Магистратура
2022/2023
Компьютерный анализ текстов: продвинутый уровень
Лучший по критерию «Полезность курса для Вашей будущей карьеры»
Лучший по критерию «Полезность курса для расширения кругозора и разностороннего развития»
Лучший по критерию «Новизна полученных знаний»
Статус:
Курс обязательный (Анализ данных для государства и общества)
Направление:
41.04.04. Политология
Кто читает:
Департамент социологии
Где читается:
Санкт-Петербургская школа социальных наук
Когда читается:
2-й курс, 1 модуль
Формат изучения:
без онлайн-курса
Охват аудитории:
для своего кампуса
Преподаватели:
Кольцов Сергей Николаевич
Прогр. обучения:
Анализ данных для государства и общества
Язык:
английский
Кредиты:
3
Контактные часы:
24
Course Syllabus
Abstract
This course covers a wide range of machine learning algorithms for textual data analysis. The first part of the course deals with preprocessing procedures for text data, which include lematizers for different languages, procedures for vectorization of text data. This course also deals with the work of classifiers for textual analysis (and measures the quality of classifiers).
The second part of the course focuses on the work of flat and hierarchical topic models (measures of quality: coherence, perplexity, loglikellyhood, stability, Renyi entropy). In addition, this course explores the concept of 'word embedings' for textual analysis (topic modeling).
In the third part of the course, the work with neural networks for textual data analysis based on the TensorFlow framework with the Keras add-in is considered. All the models discussed are provided with python scripts. At the end of the course students have to present their work on data analysis in the form of a presentation and scripts.
Learning Objectives
- Learn algorithms and their main advantages and limitations in terms of text data analysis
- Obtain skills to work with machine learning software / cod
- Be able to work with text data.
Expected Learning Outcomes
- Have skills to analyze textual data
- Analyze data with machine learning tools
- Do textual preprocessing (lemmatization and tokenization)
- Present the resulting project in terms of machine learning
- Visualize results of the analysis
Course Contents
- Objectives of text analysis - preprocessing, lematization-vectorization.
- Overview of classical classifiers such as KNN, Random Forrest, SVM
- Bayesian classification for sentiment analysis or topic definition.
- Topic modeling (plane), quality metrics (Coherence, Perplexity, Loglokellyhood, stability, Renyi entropy), review of some libraries.
- Topic modeling (hierarchical models, discussion of problems).
- Embedings (gensim), what are word embeddings, how to work with words embedings.
- Topic models with embedings (ETM, GLDAW).
- Introduction to neuron networks (Tensorflow, keras) - the basics of working with Keras, an overview of some neural networks.

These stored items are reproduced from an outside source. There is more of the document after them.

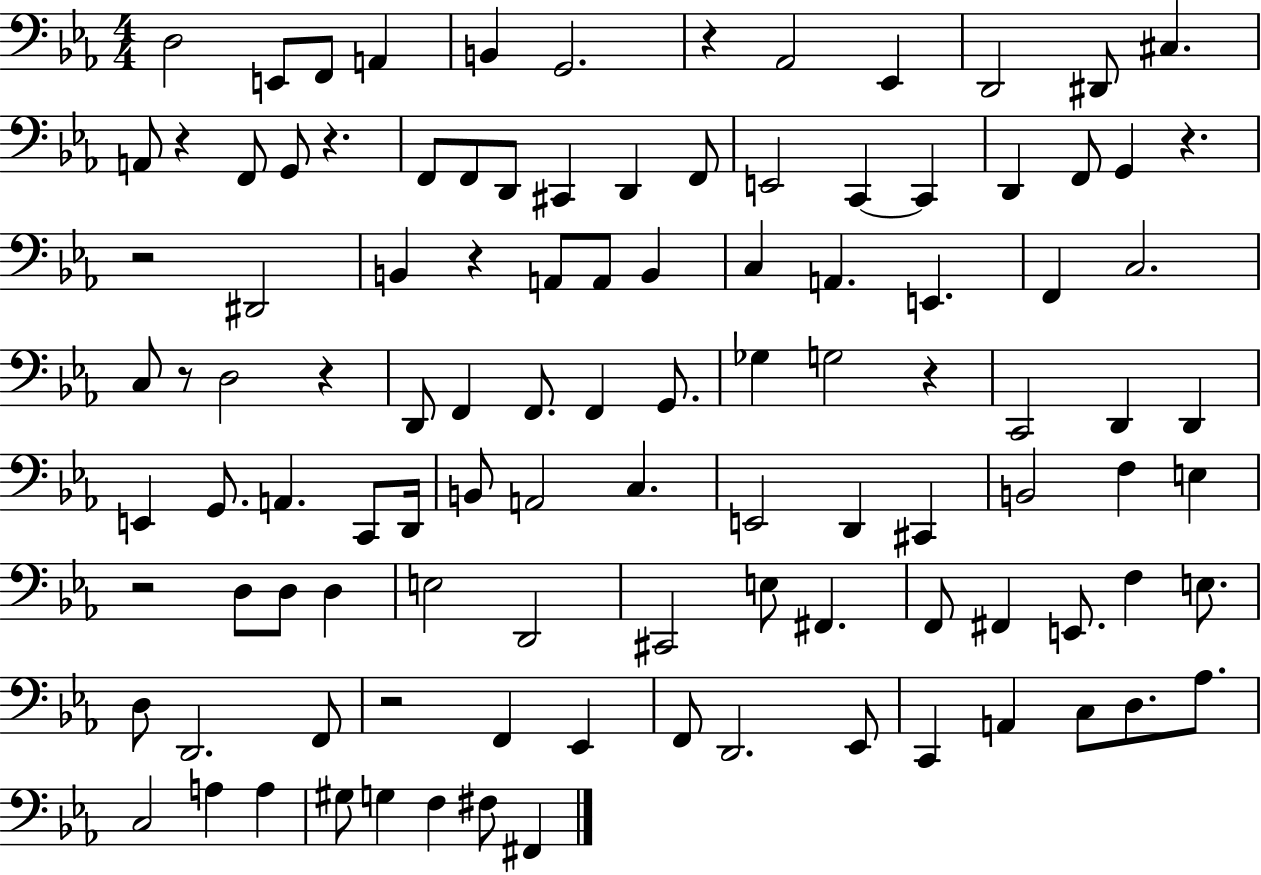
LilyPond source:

{
  \clef bass
  \numericTimeSignature
  \time 4/4
  \key ees \major
  \repeat volta 2 { d2 e,8 f,8 a,4 | b,4 g,2. | r4 aes,2 ees,4 | d,2 dis,8 cis4. | \break a,8 r4 f,8 g,8 r4. | f,8 f,8 d,8 cis,4 d,4 f,8 | e,2 c,4~~ c,4 | d,4 f,8 g,4 r4. | \break r2 dis,2 | b,4 r4 a,8 a,8 b,4 | c4 a,4. e,4. | f,4 c2. | \break c8 r8 d2 r4 | d,8 f,4 f,8. f,4 g,8. | ges4 g2 r4 | c,2 d,4 d,4 | \break e,4 g,8. a,4. c,8 d,16 | b,8 a,2 c4. | e,2 d,4 cis,4 | b,2 f4 e4 | \break r2 d8 d8 d4 | e2 d,2 | cis,2 e8 fis,4. | f,8 fis,4 e,8. f4 e8. | \break d8 d,2. f,8 | r2 f,4 ees,4 | f,8 d,2. ees,8 | c,4 a,4 c8 d8. aes8. | \break c2 a4 a4 | gis8 g4 f4 fis8 fis,4 | } \bar "|."
}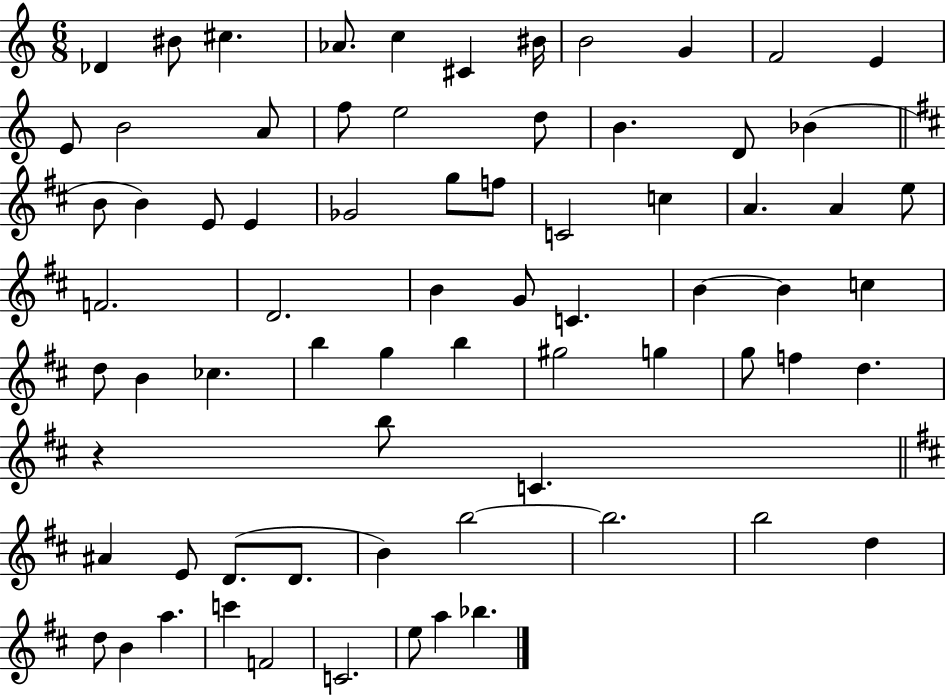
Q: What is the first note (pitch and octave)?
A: Db4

- Preprocessing of text data for neural networking.
- Working with recurrent neural networks for textual analysis.
- Working with LSTM neural networks for textual analysis.
- Model with multiple outputs (heads).
- Presentation of student work.
Assessment Elements
- ExamThe exam is a competition (hakaton) to develop the best model of sentiment analysis for the Russian-language text. The essence of the competition is as follows. At the end of the first part of the course a Russian-language dataset with sentiment scores will be given. Students must train their classification models on this dataset. A week before the exam, students will receive the second part of the dataset, which they must use to test the models they have learned. On the exam, students give a presentation on their models. The grade for the presentation depends, first, on the level of presentation. Second, the grade depends on the results obtained (level of model learning and number of models).
- Homework
Bibliography
Recommended Core Bibliography
- Sebastian Raschka, & Vahid Mirjalili. (2019). Python Machine Learning : Machine Learning and Deep Learning with Python, Scikit-learn, and TensorFlow 2, 3rd Edition. Packt Publishing.
Recommended Additional Bibliography
- Miroslav Kubat. (2017). An Introduction to Machine Learning (Vol. 2nd ed. 2017). Springer.